**What the exercise asks:**
Could every line below be transcribed exactly, with the pictures dropped?

**Information supplied:**
•••••

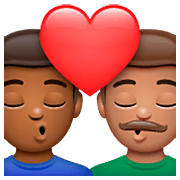 👨🏾‍❤️‍💋‍👨🏽 Emoji sich küssendes Paar - Mann: mitteldunkle Hautfarbe, Mann: mittlere Hautfarbe WhatsApp 2.23.2.72.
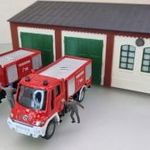 Ei15 H0 1: 87 Auhagen 11438 tűzoltósági és ipari épület + 2 db Siku tűzoltó + tűzoltók fotó
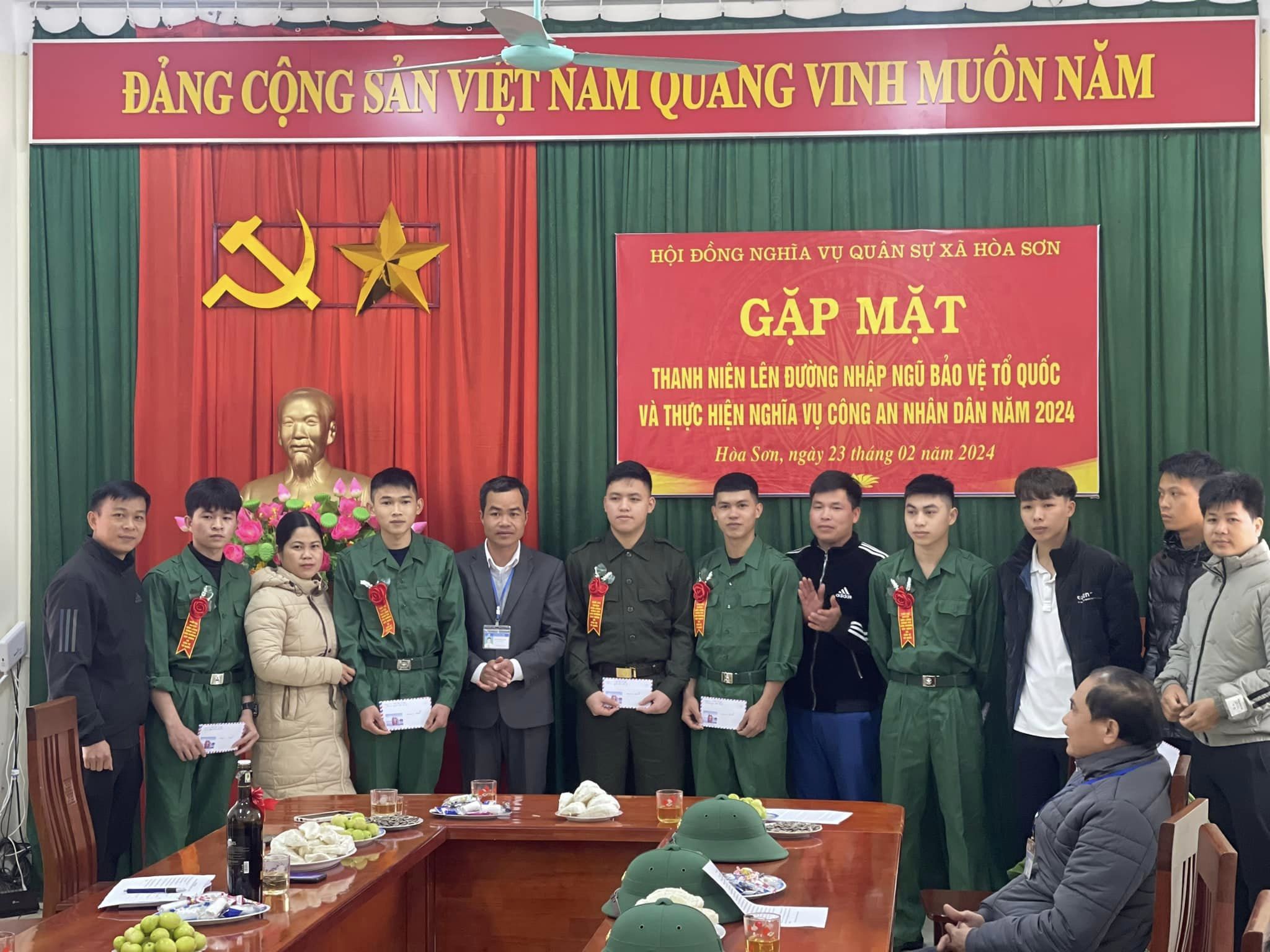 MTTQ Việt Nam và các Đoàn thể xã tặng quà cho các thanh niên lên đường nhập ngũ và sẵn sàng nhập ngũ năm 2024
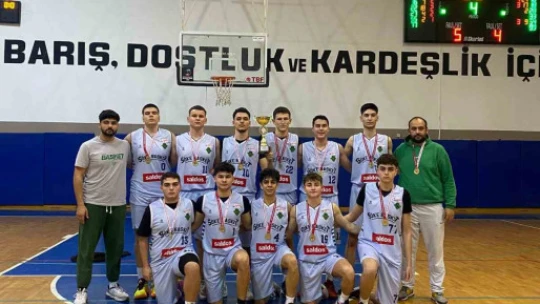 Sökeli basketciler namağlup şampiyon oldu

•••••

**Result of the exercise:**
 👨🏾‍❤️‍💋‍👨🏽 Emoji sich küssendes Paar - Mann: mitteldunkle Hautfarbe, Mann: mittlere Hautfarbe WhatsApp 2.23.2.72.
 Ei15 H0 1: 87 Auhagen 11438 tűzoltósági és ipari épület + 2 db Siku tűzoltó + tűzoltók fotó
 MTTQ Việt Nam và các Đoàn thể xã tặng quà cho các thanh niên lên đường nhập ngũ và sẵn sàng nhập ngũ năm 2024
 Sökeli basketciler namağlup şampiyon oldu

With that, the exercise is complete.